On 2015-03-29 16:59, Stuart Henderson wrote:
By default tcp_do_rfc3390=2, so the usual case is this:

1.252     claudio  3143:        } else if (tcp_do_rfc3390 == 2) {
                   3144:                /* increase initial window  */
                   3145:                tp->snd_cwnd = ulmin(10 * mss,
ulmax(2 * mss, 14600));

There is no existing sysctl to allow fine tuning, just the "IW4, max 4380" and "IW10, max 14600" switch of net.inet.tcp.rfc3390. But you could easily locally extend that variable if you want to experiment with changing the
multiplier and max value (or something else).

Ah now I finally got what you meant.

Thank you very much for your clarifications.

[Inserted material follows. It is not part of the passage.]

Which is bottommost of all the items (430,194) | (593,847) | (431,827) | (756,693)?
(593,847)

I guess also this means that all values > 2 for this sysctl are unclaimed and free to play with.



Last question now just to get the whole picture: (This is slightly OT as it's a general anti-congestion question, however you have the specific stack sourcecode at hand so have authoritative answer.)

An incoming connection comes in. The initial [congestion] window is 14600. 4600 bytes are sent at time 0, 123 bytes are received at time X, and then another 10000 bytes are sent at time Y.

The RTT is such that ACK:s confirming reception come in within 3 seconds. All packets go through.

In this usecase, is there any risk (because of some timeout constraint or alike) that the anti-congestion or slow-start would reduce the initial window size that hasn't been used yet, under any circumstance, so that the send at Y would be speed-capped/blocked?